Su paseo incesante por las
enrevesadas raíces de la vitalidad. En el bosque la bruma se hacía más densa,
más mezclada con la humedad de una vieja tierra. Ella caminaba lenta, insonora
a toda polución de las personas. En sus pensamientos daba prisa a ese aire frenado de los ayeres, amputando cada secuela
cristalina que nos hace retornar. Un
empujo la hizo adentrase más y más en esa masa arbórea hasta llegar al árbol más
grandes. Relucía con su corteza marrón grisácea más que los demás. Se situó
frente de él. A ras de su pie nacía una
oquedad que la invitaba a introducirse. Penetrar las entrañas nobles de aquel
majestuoso árbol. En su interior era
todo oscuridad pero la calidez que insuflaba la invitaba a quedarse hasta que
el amanecer broncíneo retumbara en las campanadas de su aldea. Y espero. De vez
en cuando dormitaba y sueños se hacían con ellas. Sueños de una vieja espera
donde los navíos del destino alzaban sus velas con la luna clara. Allí estaba.

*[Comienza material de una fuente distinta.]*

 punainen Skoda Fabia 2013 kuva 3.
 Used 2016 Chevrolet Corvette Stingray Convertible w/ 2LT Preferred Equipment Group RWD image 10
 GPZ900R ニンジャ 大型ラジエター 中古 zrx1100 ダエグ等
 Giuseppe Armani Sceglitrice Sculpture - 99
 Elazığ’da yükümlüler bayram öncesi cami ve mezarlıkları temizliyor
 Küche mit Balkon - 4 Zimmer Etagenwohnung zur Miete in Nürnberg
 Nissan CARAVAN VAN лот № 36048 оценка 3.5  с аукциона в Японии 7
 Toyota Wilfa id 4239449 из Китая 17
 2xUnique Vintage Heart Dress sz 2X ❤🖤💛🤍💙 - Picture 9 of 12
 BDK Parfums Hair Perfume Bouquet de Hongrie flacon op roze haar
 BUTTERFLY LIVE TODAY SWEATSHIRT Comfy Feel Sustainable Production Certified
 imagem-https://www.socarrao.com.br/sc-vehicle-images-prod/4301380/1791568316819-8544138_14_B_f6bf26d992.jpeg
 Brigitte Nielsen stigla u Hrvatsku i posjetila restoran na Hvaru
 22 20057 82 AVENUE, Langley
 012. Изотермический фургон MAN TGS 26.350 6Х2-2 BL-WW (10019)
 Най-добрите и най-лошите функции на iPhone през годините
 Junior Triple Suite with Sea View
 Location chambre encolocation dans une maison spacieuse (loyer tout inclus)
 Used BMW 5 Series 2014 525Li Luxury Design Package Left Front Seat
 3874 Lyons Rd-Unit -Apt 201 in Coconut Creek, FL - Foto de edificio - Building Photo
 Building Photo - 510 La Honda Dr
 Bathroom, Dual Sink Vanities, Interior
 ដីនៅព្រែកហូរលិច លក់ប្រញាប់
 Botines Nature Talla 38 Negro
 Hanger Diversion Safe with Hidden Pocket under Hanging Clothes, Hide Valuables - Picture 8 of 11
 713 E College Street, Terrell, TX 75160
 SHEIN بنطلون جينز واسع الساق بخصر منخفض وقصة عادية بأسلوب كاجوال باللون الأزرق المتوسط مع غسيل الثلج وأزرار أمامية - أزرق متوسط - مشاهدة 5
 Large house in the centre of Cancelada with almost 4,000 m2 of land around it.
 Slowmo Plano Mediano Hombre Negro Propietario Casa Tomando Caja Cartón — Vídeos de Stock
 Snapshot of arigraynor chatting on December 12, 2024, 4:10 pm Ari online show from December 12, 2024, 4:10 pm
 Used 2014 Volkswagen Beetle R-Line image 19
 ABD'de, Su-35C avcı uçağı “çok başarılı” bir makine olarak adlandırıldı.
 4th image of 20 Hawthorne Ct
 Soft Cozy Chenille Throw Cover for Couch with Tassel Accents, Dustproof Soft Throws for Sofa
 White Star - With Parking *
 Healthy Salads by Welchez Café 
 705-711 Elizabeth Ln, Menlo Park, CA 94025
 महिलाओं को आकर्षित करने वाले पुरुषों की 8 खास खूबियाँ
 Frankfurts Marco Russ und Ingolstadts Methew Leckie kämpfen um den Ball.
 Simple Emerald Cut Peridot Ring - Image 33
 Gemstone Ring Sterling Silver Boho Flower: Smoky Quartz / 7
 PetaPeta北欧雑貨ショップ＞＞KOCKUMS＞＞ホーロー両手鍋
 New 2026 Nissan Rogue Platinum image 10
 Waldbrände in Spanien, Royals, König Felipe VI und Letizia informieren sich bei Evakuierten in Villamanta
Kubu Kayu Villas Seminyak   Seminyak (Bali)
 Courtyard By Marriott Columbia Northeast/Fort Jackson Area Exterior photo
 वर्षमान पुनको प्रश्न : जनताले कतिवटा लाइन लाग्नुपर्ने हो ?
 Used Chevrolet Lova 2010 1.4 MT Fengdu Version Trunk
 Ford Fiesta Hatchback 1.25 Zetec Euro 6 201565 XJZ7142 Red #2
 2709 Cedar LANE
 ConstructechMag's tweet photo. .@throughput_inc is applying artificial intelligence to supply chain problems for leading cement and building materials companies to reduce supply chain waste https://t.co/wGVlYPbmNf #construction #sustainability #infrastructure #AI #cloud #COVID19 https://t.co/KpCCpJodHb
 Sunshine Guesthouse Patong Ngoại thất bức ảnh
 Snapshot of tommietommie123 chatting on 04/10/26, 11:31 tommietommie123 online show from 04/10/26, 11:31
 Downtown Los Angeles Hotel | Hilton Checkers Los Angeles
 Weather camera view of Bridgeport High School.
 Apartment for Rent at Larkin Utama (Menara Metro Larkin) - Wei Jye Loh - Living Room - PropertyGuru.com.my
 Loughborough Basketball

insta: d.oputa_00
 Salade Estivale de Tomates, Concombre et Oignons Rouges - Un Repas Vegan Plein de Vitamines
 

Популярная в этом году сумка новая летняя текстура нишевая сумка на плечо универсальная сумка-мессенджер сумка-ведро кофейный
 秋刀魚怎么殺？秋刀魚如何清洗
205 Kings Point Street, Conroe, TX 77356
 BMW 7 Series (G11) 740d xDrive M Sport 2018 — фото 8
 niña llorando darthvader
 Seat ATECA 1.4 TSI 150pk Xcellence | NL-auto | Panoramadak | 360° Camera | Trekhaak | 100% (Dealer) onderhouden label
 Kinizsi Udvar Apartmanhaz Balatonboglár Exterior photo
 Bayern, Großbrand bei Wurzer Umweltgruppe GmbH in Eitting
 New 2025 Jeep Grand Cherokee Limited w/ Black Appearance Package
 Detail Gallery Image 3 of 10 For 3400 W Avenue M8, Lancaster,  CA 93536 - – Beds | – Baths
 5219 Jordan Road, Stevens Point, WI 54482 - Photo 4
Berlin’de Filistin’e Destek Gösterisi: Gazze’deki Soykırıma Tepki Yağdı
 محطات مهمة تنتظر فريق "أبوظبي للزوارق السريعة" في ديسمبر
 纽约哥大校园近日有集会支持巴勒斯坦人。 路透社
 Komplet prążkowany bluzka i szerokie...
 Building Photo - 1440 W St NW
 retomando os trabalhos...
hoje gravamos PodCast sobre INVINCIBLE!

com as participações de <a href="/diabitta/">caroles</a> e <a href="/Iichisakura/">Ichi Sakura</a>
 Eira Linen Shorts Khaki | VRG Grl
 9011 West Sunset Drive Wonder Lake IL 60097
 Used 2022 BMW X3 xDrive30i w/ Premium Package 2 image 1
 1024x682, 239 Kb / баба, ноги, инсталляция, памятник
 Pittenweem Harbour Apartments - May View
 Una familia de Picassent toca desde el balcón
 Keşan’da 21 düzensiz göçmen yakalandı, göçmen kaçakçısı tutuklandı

Navegando, navegando…Por los pasadizos del océano que la llamaban. Las campanas
sonaron y ella salió del cuerpo de aquel árbol. Lo miro, lo acarició. Y su
paseo se torno hacía su pueblo. Todavía callado. Con sus calles empedradas eco
de los pasos de ella. Llegó bajo su techo. La casa estaba vacía. Se asomo desde
una de las ventanas y allí en la lejanía el árbol. Ese árbol que le hacía un
guiño como el despertar a una nueva aventura. “ Quizás no sea muy tarde”, pensó. Se mudo de ropa y salió de la casa. Saludaba
a todo vecino y se dirigió al campanario. Las campanas todavía sonaban.
Detenidamente observó ese movimiento pendular. En ella penetró el aroma de sus gentes, de sus
costumbres. Y sola entró en la pequeña
iglesia. No había nadie. Se sentó en una de sus sillas y absorbió la fragancia
de sus paredes antiguas, de su historia, de su vida.